COLUMBIA - Postal workers rallied Tuesday in front of Representative Luetkemeyer's office regarding several proposed changes to the United States Postal Service.
Two initiatives were at the forefront of the rally— one that postal workers are in support of, and another they strongly oppose.
HR 1351, which postal workers rallied in favor of, would pull back nearly 20 billion dollars in funding that has been put away into pension and health insurance funds for postal workers.
Those in favor of this bill feel it would solve many of the financial problems faced by the U.S. Postal Service and potentially save jobs.
On the other hand, HR 2309 would attempt to streamline the postal service, closing underused branches, and mandating that eligible retirees should do so.
"We have more post offices than McDonalds, Starbucks, FedEx and UPS's combined," said Ali Ahmad, Communications Adviser for the Oversight and Government Committee.
This committee advocates adoption of HR 2306 in order to adapt to changing technologies and cut costs.

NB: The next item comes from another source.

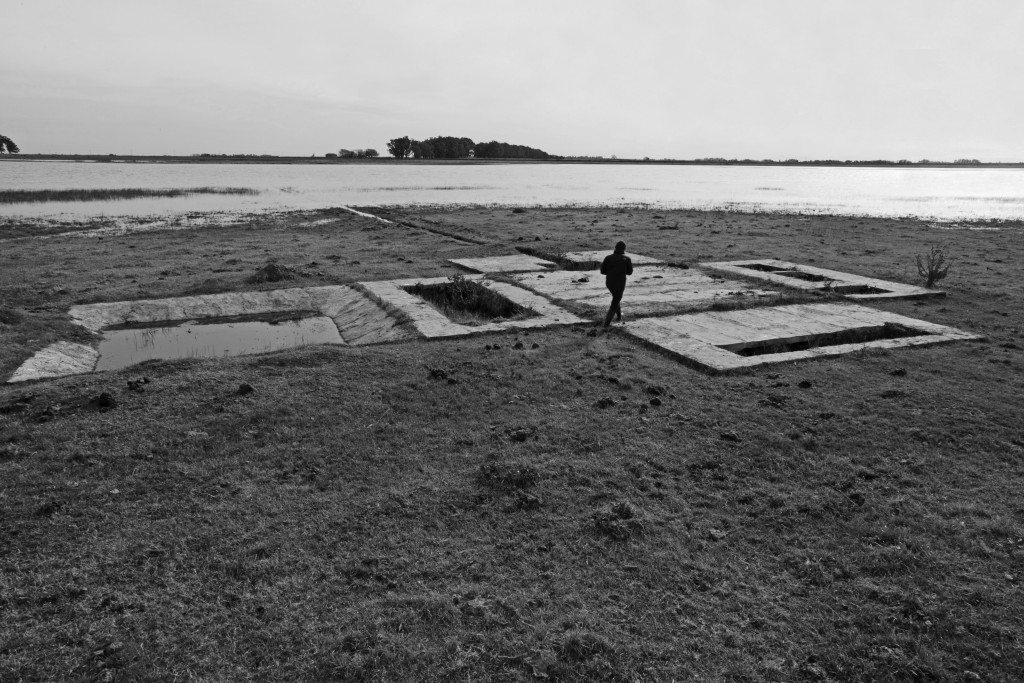 Matías Duville - Hogar B&W ok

Both bills are under the jurisdiction of the Oversight and Government Reform Committee of the House of Representatives, chaired by Congressman Darrell Issa (R-CA).
Across the nation, postal workers and community members gathered together on this day, deemed 'National Rally Day'.

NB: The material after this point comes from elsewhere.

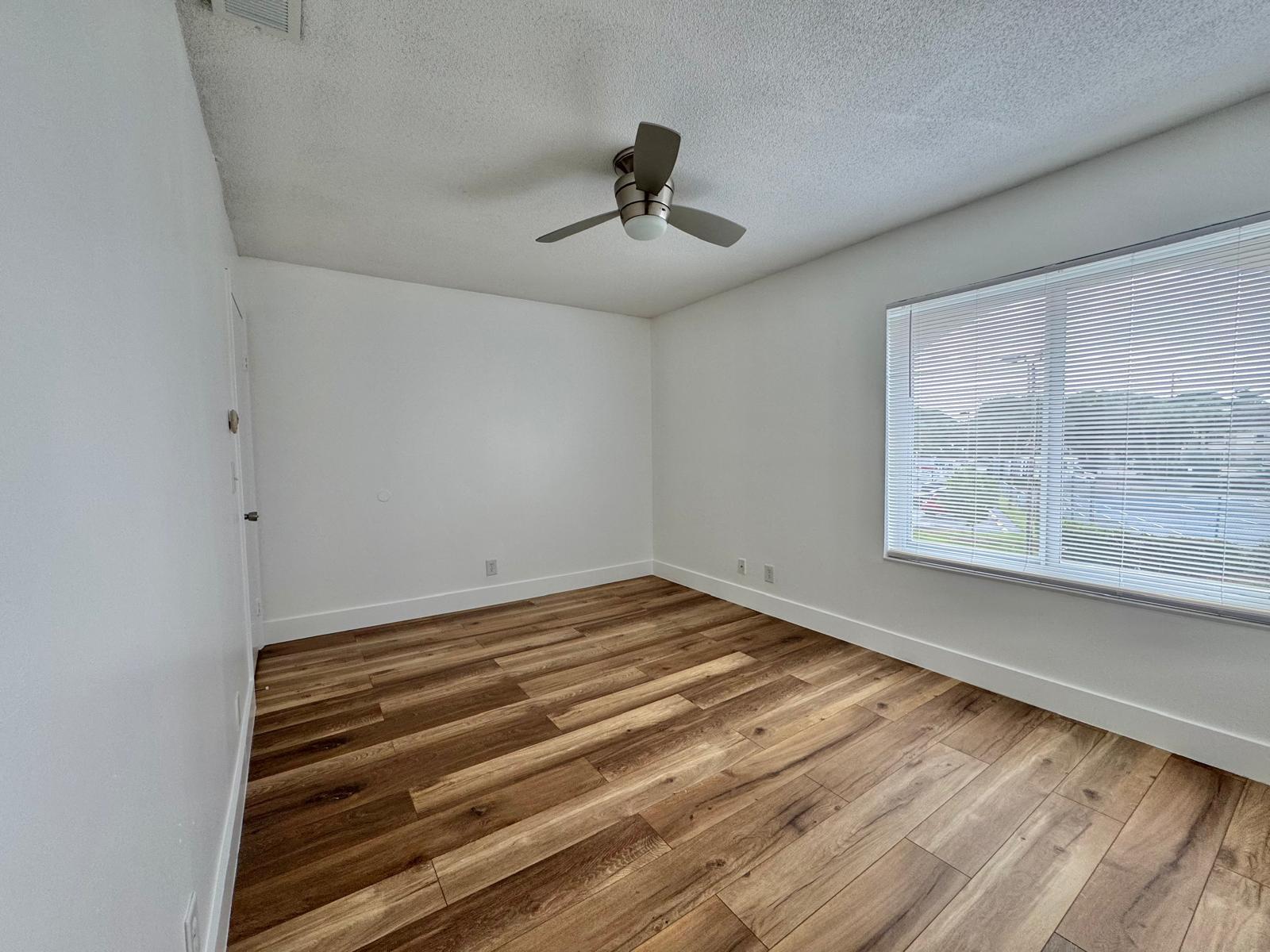 815 W Boynton Beach Boulevard 15-206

Participants in Mid-Missouri said Representative Luetkemeyer, who will vote on these bills, has been pragmatic but understanding in his response.
In a statement released today, Luetkemeyer said, "While the postal service must adapt to the challenges of the future, these financial difficulties should not be used as a pretense to transform the USPS into an organization that provides a higher level of service for urban America than it does for rural America."
According to Jim Marsden, American Postal Workers Union Steward, HR 1351 is stuck in Issa's committee, needing more sponsors to move forward.
Today's for the rallying postal workers was to gain more sponsorship for this bill, and diminish support for HR 2309.
"If they could get 1351 passed through Congress, it'd fix the funding problem, it would not be an issue that we would have to come to again next year, where we just kick the can down the road and do this all over again. We'd like to see something, you know a long-term fix, and I think that's what we'd end up with," said Kevin Boyer, President of the Missouri State National Association of Letter Carriers.